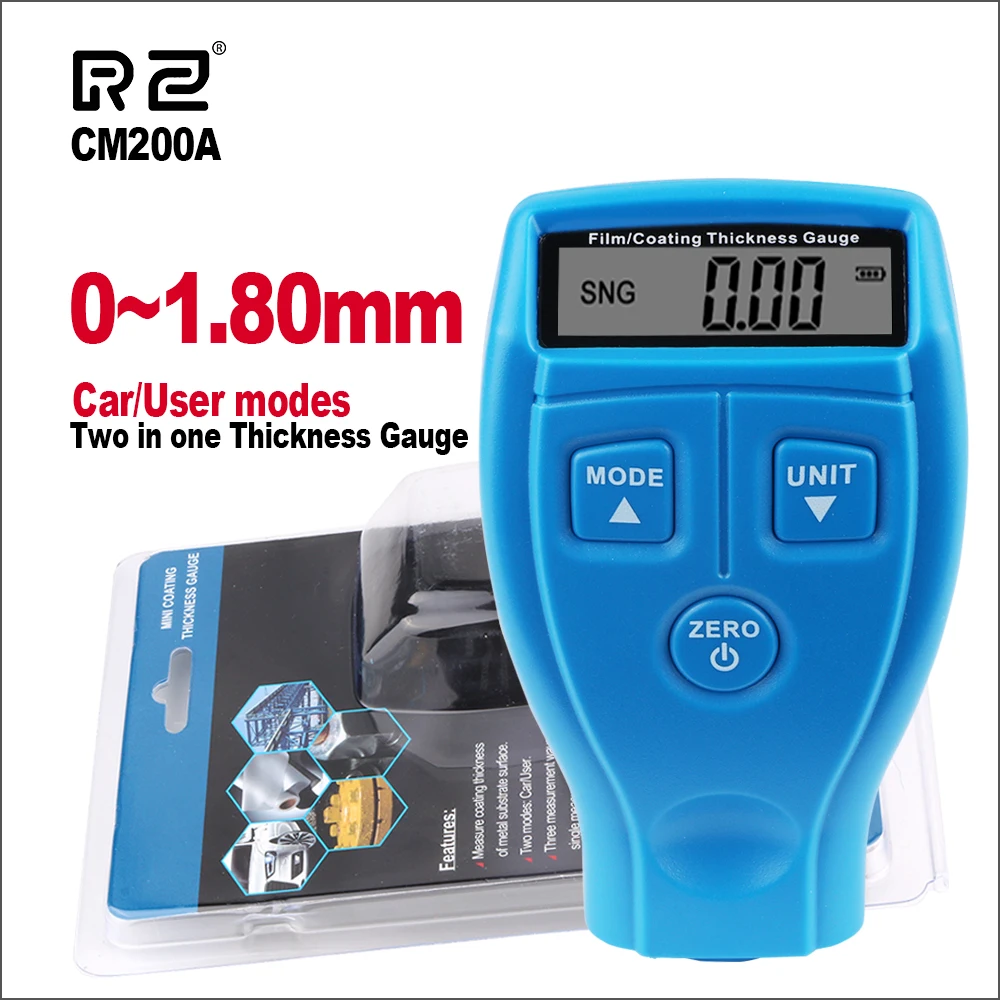 RZ Thickness Gauges Paint Coating Thickness Gauge Digital Car Gauge Tester With Backlight Mini Film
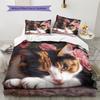 Rosa Calico-Katzenmuster Bettwäsche Heimdekoration Geburtstagsgeschenk (1 Bettbezug + 2 Kissenbezüge, ohne Füllung)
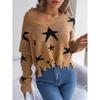 Damen Herbst- und Winter Strickpullover mit V-Ausschnitt und langen Ärmeln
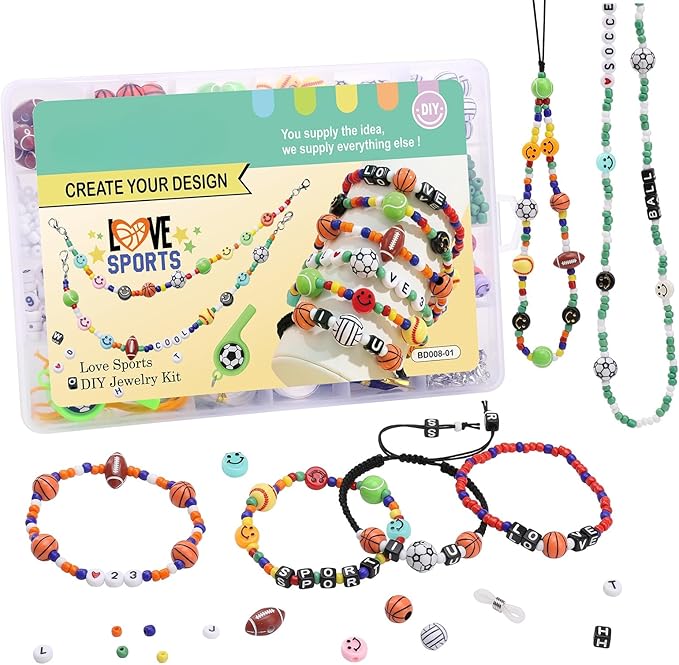 ZenQuirk Bracelet Making Kit with Pony Beads, Letter Bead, Number Beads & Sports Bead (Style A)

#####

**About this exercise**
A word-for-word copy of the material is required; pictures stay out of it.

**Output below**
 RZ Thickness Gauges Paint Coating Thickness Gauge Digital Car Gauge Tester With Backlight Mini Film
 Rosa Calico-Katzenmuster Bettwäsche Heimdekoration Geburtstagsgeschenk (1 Bettbezug + 2 Kissenbezüge, ohne Füllung)
 Damen Herbst- und Winter Strickpullover mit V-Ausschnitt und langen Ärmeln
 ZenQuirk Bracelet Making Kit with Pony Beads, Letter Bead, Number Beads & Sports Bead (Style A)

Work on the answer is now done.